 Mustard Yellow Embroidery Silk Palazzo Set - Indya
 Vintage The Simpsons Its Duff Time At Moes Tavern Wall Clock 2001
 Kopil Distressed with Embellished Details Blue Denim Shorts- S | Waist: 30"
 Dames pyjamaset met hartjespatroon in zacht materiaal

════════════════════

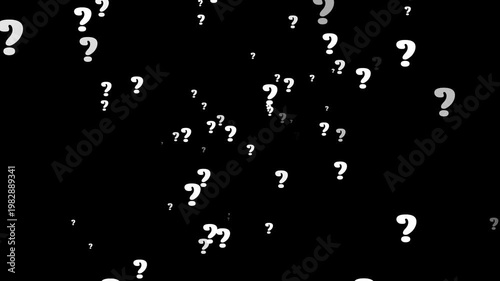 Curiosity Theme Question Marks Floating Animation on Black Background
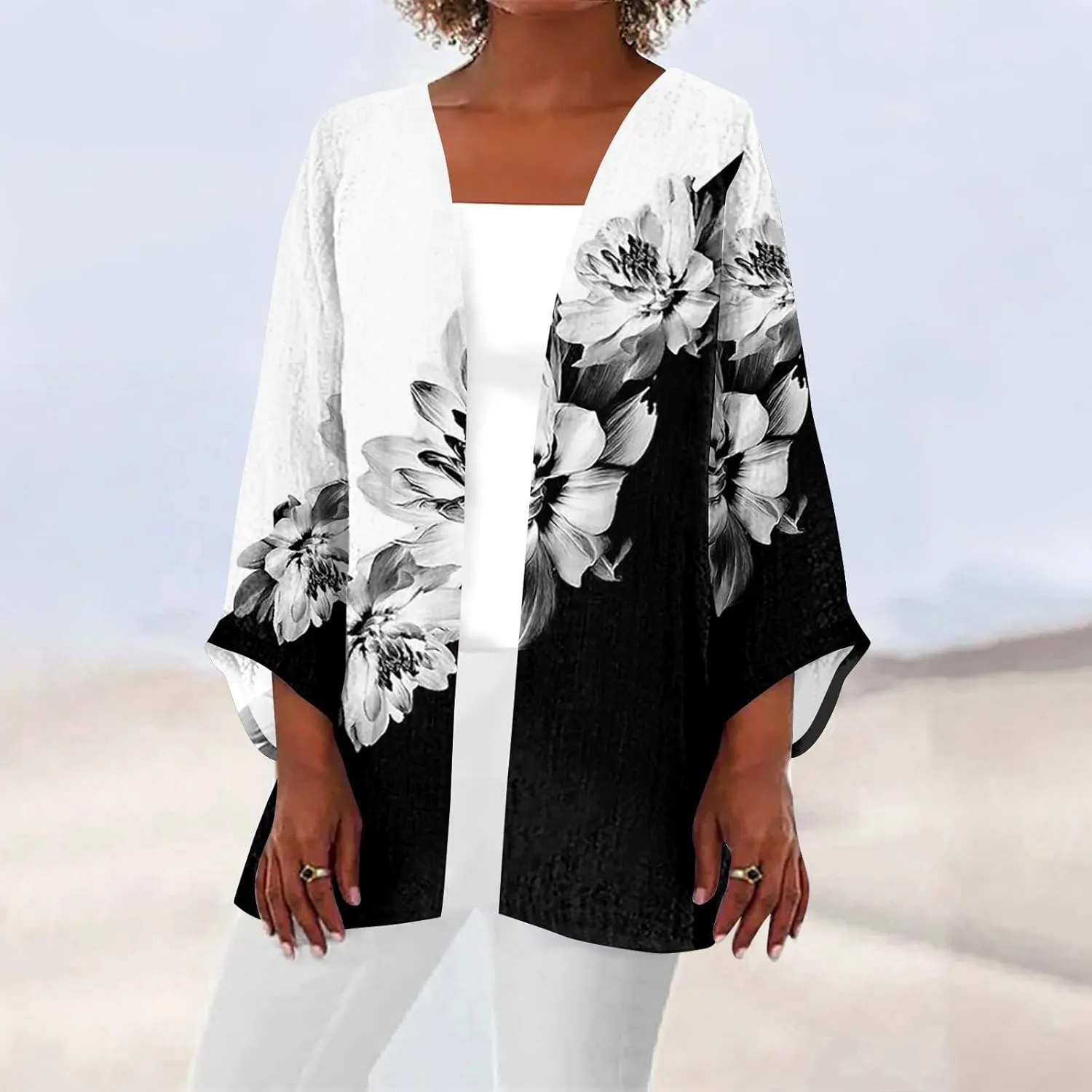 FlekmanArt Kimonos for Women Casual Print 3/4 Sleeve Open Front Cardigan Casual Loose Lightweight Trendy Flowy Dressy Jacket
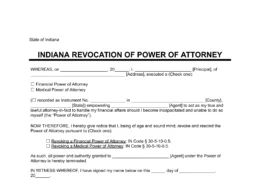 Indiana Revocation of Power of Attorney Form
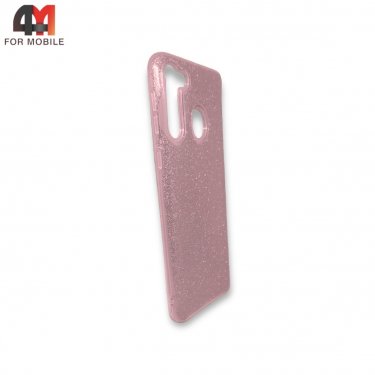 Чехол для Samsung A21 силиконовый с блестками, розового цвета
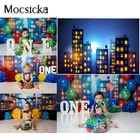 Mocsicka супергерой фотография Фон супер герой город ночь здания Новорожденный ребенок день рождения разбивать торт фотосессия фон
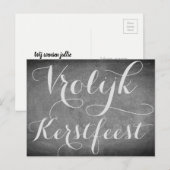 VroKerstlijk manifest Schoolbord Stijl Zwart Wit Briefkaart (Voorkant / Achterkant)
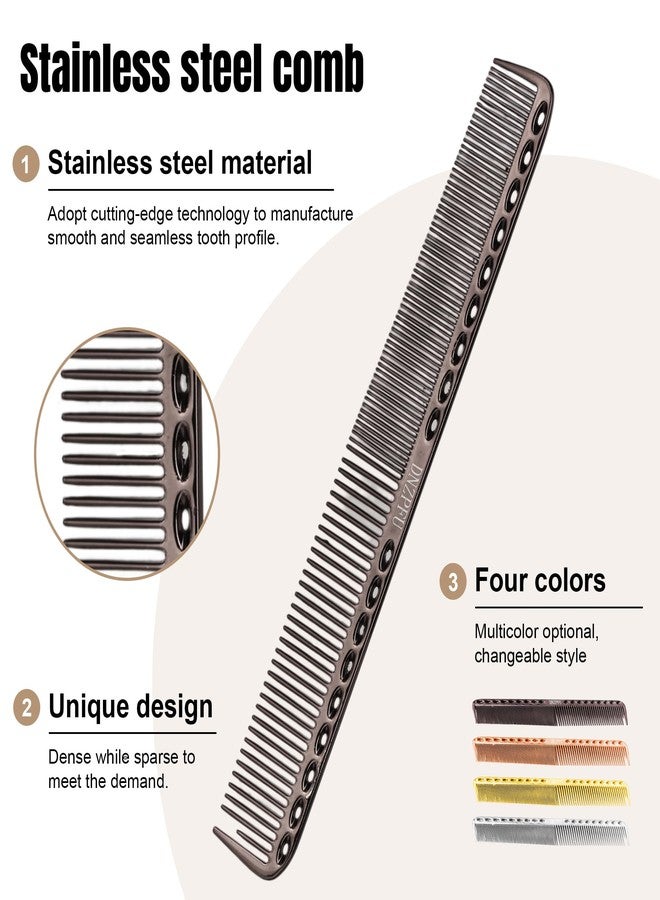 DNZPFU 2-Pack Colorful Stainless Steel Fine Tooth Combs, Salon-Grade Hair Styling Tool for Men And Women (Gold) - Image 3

════════════════════

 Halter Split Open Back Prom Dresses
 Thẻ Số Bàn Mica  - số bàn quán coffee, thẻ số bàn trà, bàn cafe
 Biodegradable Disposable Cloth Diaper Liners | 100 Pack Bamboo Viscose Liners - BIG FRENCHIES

════════════════════

* [Task statement] Everything in the material above from the line that has "Mustard Yellow Embroidery" through the line that has "Dames pyjamaset met" must be duplicated exactly, with no other lines given.

* [Solution to the exercise]
 Mustard Yellow Embroidery Silk Palazzo Set - Indya
 Vintage The Simpsons Its Duff Time At Moes Tavern Wall Clock 2001
 Kopil Distressed with Embellished Details Blue Denim Shorts- S | Waist: 30"
 Dames pyjamaset met hartjespatroon in zacht materiaal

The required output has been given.